Work in progress!

This is the working draft for the new sys package interfaces (not concrete implementations). Eventually a PR will be submitted into haxe-evolution.

TODO

Haxe compatibility: Dns (Host), Socket
Https - mostly a copy of the Http APIs, some extra SSL-specific options

New `sys` APIs

Proposal: HXP-NNNN
Author: Aurel Bílý

Introduction

Improved API for both synchronous and asynchronous filesystem operations based on Node.js; improved networking API; asynchrony primitives; I/O streams.

Motivation

Asynchrony

There is currently no good way to asynchronously perform many sys-related tasks (without manually creating Threads). Two basic primitives are added to the library:

events (and listeners)
unified callback style

Streams

The current Haxe API contains haxe.io.Input and haxe.io.Output for input and output streams. These lack:

ability to express a read and write stream (sys.io.File has two separate streams rather than one RW stream)
pipelining without manual chunking
proper asynchronous operations
automatically pacing streams with different data emission / consumption rates

Filesystem

The current filesystem APIs in Haxe lack a number of important features:

asynchronous tasks
changing permissions, owners of files
symlink operations
watching for changes

Networking

Non-blocking socket operations are inconvenient to use in the current API even though they are the only (non-Thread) solution to some real-time network communication problems. IPC communication is not possible, UDP sockets are not fully featured.

There is a lack of proper unit testing of the networking APIs. Certain platforms also miss full implementations of various parts of the networking API. (See HaxeFoundation/haxe#6933, HaxeFoundation/haxe#6816)

Detailed design

Modified modules (new API + backward compatibility):

Added modules:

haxe.Error - for reporting errors, see errors
haxe.ErrorType
haxe.NoData - type to represent an absence of data in generics (e.g. Callback<NoData>)
haxe.async.Callback - generic type to represent an error-first callback, see callbacks
haxe.async.Event - see events
haxe.async.Listener - event listener
haxe.io.Duplex - see streams
haxe.io.IReadable
haxe.io.IStream
haxe.io.IWritable
haxe.io.Readable
haxe.io.Stream
haxe.io.Writable
sys.DirectoryEntry
sys.FileAccessMode
sys.FileCopyFlags
sys.FileMode
sys.FileOpenFlags
sys.FileWatcher
sys.async.FileSystem
sys.async.Http
sys.async.net.Socket
sys.io.AsyncFile
sys.io.FileReadStream
sys.io.FileWriteStream
sys.net.Dns
sys.net.Net
sys.net.Server
sys.net.UdpSocket
sys.net.Url

Relevant Node.js APIs:

Errors

A haxe.Error class is added to unify error reporting in the system APIs.
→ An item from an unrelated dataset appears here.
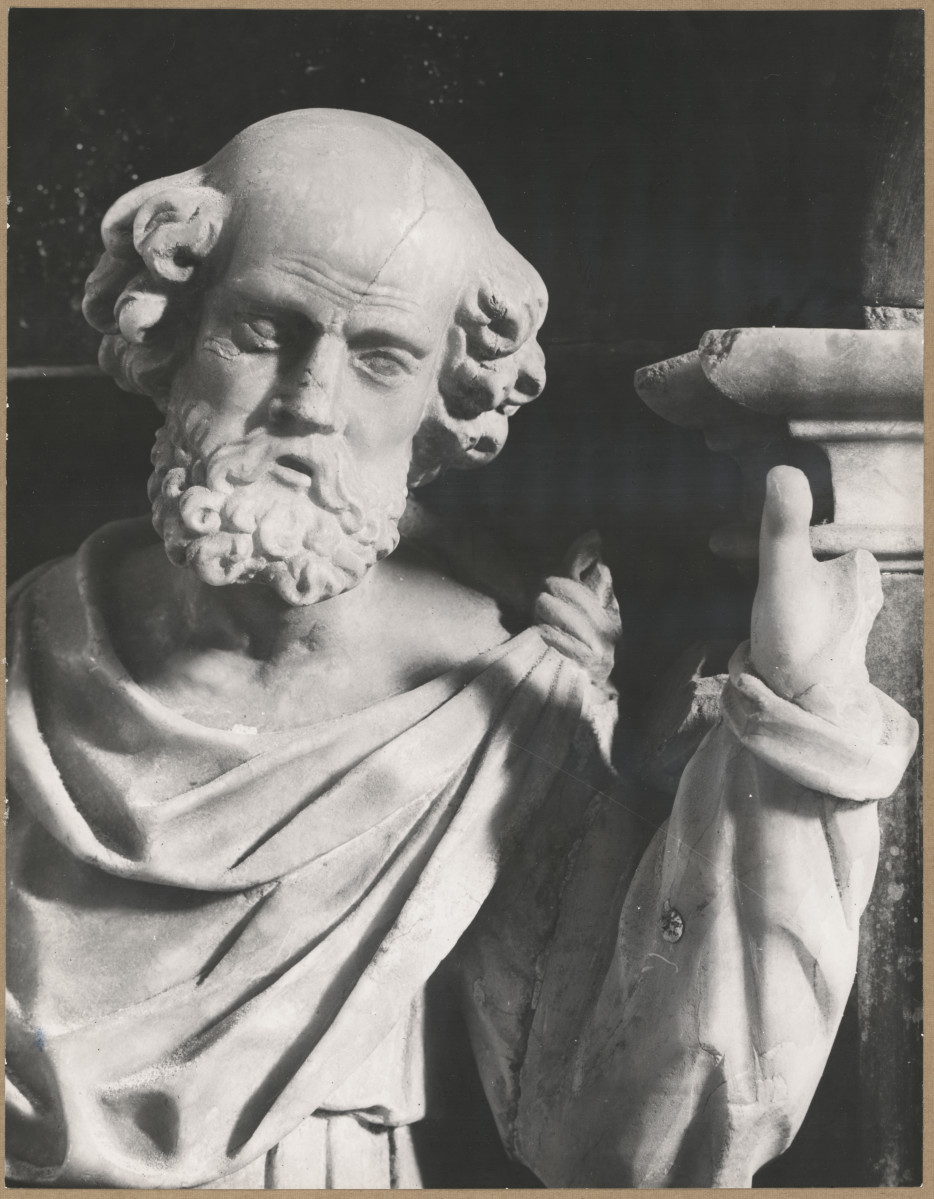 Zespół opactwa cystersów - wnętrze kościoła, ołtarz boczny płn. - fragment rzeźby św. Piotra, skan 1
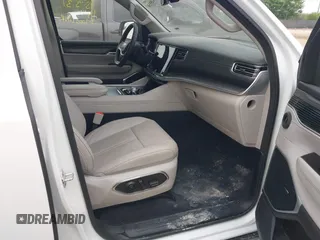 2024 Jeep Wagoneer Series II with VIN 1C4SJUBP8RS126826, listed as a IAAI auction lot 41945554 with 39,031 mi miles and . Bid and sale history available at DreamBid. Image 5.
It has a message field which contains the human-readable description of the error. It also includes a type field which can be switch-ed on.

try {
  sys.FileSystem.someOperation();
} catch (err:haxe.Error) {
  trace("error!", err);
}
// or
try {
  sys.FileSystem.someOperation();
} catch (err:haxe.Error) {
  switch (err.type) {
    case FileNotFound: // it's fine
    case _: throw err;
  }
}

Unresolved question:

There are multiple ways of expressing proper type-safe errors for the filesystem API:

errors represented by a single enum (sys.FileSystemError), with the individual cases containing all the information of that particular error

awkward to catch individual errors (any catch would need a switch)

fewer classes to maintain, less work to throw errors (the case names the error, so no message is needed)
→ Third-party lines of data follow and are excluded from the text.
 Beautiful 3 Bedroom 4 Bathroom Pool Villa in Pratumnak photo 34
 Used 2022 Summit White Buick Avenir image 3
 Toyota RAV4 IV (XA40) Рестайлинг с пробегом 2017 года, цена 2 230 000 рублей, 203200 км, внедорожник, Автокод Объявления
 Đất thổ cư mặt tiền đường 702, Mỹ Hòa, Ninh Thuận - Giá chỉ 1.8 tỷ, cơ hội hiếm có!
errors represented by sub-classes of a single base class

possible to catch individual subclasses in separate catch blocks

many classes in the package (could be moved into a sub-package for errors?)

base class Error + enum for types, as implemented in the draft now

The primary aim for any solution is to be able to catch specific types of errors without having to rely on string comparison.

Events

A type-safe system for emitting events, similar to tink_core Signals is added. An Event<T> is simply an abstract over an array of listeners (Listener<T>). An event-emitting object has a number of final events.

class Example {
  public final eventFoo = new Event<NoData>();
  public final eventBar = new Event<String>();
  public function new() super();
  public function emitEvents() {
    eventFoo.emit(new NoData());
    eventBar.emit("hello");
  }
}

class Main {
  static function main():Void {
    var example = new Example();
    example.eventFoo.on(() -> trace("event foo"));
    example.eventBar.on(str -> trace("event bar", str));
    example.emitEvents();
  }
}

Currently no efforts were made to "hide" the emit method (like the Signal and SignalTrigger distinction made in tink_core).

Callbacks

Asynchronous methods are identical to their synchronous counter-parts, except:

their return type is Void
they have an additional, required callback argument of type Callback<DataType> or Callback<NoData>
- first argument passed to the callback is a haxe.Error, or null if no error occurred
- any additional arguments represent the data returned by the call, analogous to the return type of the synchronous method; if the synchronous method has a Void return type, the callback takes no additional arguments
- Callback<T> is an abstract which has some from methods, allowing a callback to be created from functions with a simpler signature (e.g. a Callback<NoData> from (err:Error)->Void)

Flags, modes, constants

Several methods in the API accept constants or a combination of flags. Constants (where the argument is exactly one of a set of options) have been converted to an enum or enum abstract. Flags (where the argument is zero or more of a set of options) have been converted to an abstract over Int, with an overloaded | operator.

Streams

At the core of a lot of Node.js APIs lie streams, which are abstractions for data consumers (Writable), data producers (Readable), or a mix of both (Duplex or Transform). Streams enable better composition of data operations with methods such as pipeline. There is also a mechanism to minimise buffering of data in memory (highWaterMark, drain) when combining streams.

File descriptors

The Node.js API has a concept of file descriptors, represented by a single integer. To avoid issues with platforms without explicit file descriptor numbers, sys.io.File is an abstract, similar to the new threading API.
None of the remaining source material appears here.